Shrinking waistline is all in the mind

November 29, 2005
Shrinking waistline is all in the mind

Researchers have identified the area of the brain which controls perception of our body image by using an illusion that made people think their waists were shrinking.

Picture: A woman’s waist. Volunteers in the study experienced the illusion that their waists were shrinking.

Placing a vibrating device on the tendons of the wrist creates the sensation that the joint is flexing, even though it remains stationary. Volunteers in the collaborative study, which involved Dr Dick Passingham of Oxford’s Department of Experimental Psychology, had their wrists vibrated while their hands were touching their waists. This made them feel their wrists bending into their body, creating the illusion that their waists were shrinking.

Whilst the volunteers experienced the eerie sensation, their brains were scanned using functional magnetic resonance imaging. All 17 participants felt that their waist had shrunk by up to 28 per cent. The researchers found high levels of activity in the posterior parietal cortex, an area of the brain that integrates sensory information from different parts of the body. Volunteers who reported the strongest shrinking sensation also showed the strongest activity in this area of the brain.

The brain must process information about body size every day, for example when we walk through a narrow doorway, look at a pair of trousers and decide whether they would fit, or duck under a low ceiling.
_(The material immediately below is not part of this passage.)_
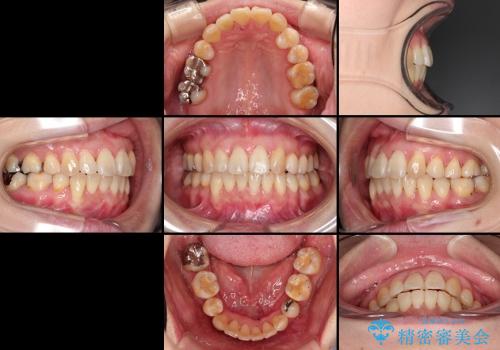 30代女性　上の前歯の出っ歯　前歯のガタガタ　メタルブラケットの治療後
However, unlike more elementary bodily senses such as limb movement, touch and pain, there are no specialized receptors in the body that send information to the brain about the size and shape of body parts. Instead, the brain appears to create a map of the body by integrating signals from the relevant body parts such as skin, joints and muscles, along with visual cues.

Dr Passingham said: ‘The study suggested that the integration of information about the relative size of our body parts that gives us our body image goes on in the parietal cortex. The findings fit well with the fact that patients with injuries in the parietal cortex area of the brain can experience changes in their body image.’

The results of the study are published in the journal Public Library of Science Biology.